Business Impersonation Fuels Surge in Check Fraud and AI‑Powered Shopping Scams
What Happened — Fraud actors are leveraging “business impersonation” to simultaneously drive a rise in commercial check fraud and AI‑generated online shopping scams aimed at Millennials and Gen Z. The tactic exploits trust relationships among banks, card networks, merchant onboarding platforms, social media, and business registries.
Why It Matters for TPRM —
- Legacy anti‑fraud controls (Positive Pay, 3‑D Secure) are being bypassed by multi‑vector impersonation attacks.
- The same supply‑chain trust gaps can affect any third‑party that processes payments or onboards merchants.

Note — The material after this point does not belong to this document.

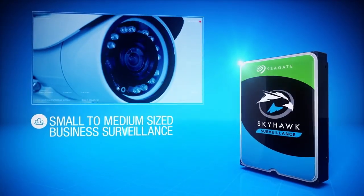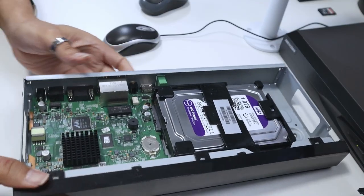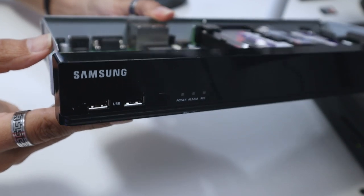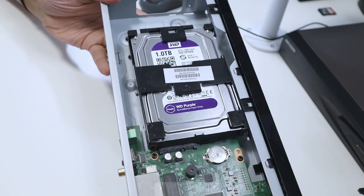In this video, I'm going to talk about hard drives for security systems. Let's say you have an NVR or DVR — you need to pick the correct model for them. So here I have an example. It's an NVR from Samsung. It's not Samsung anymore; they changed the name. Now it's Hawa Techwing. It used to be Samsung before.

- Younger consumer cohorts are increasingly exposed to AI‑crafted brand knock‑offs, expanding the fraud surface.
Who Is Affected — Financial institutions, payment processors, e‑commerce platforms, merchant onboarding services, and brands whose products are being counterfeited.
Recommended Actions —
- Re‑evaluate vendor fraud‑risk assessments for banks, payment gateways, and onboarding services.
- Validate that third‑party controls include verification of business identity beyond traditional check‑or‑card checks.
- Incorporate AI‑driven brand‑impersonation detection into monitoring of social‑media ad ecosystems.
Technical Notes — The fraud chain relies on:
- Attack vector: exploitation of third‑party dependencies and social‑media ad networks.
- Tools abused: Positive Pay (check fraud), 3‑D Secure (card fraud), AI image/video synthesis for fake brand ads.
- Data exposed: bank account numbers, check images, consumer payment credentials, brand trademarks.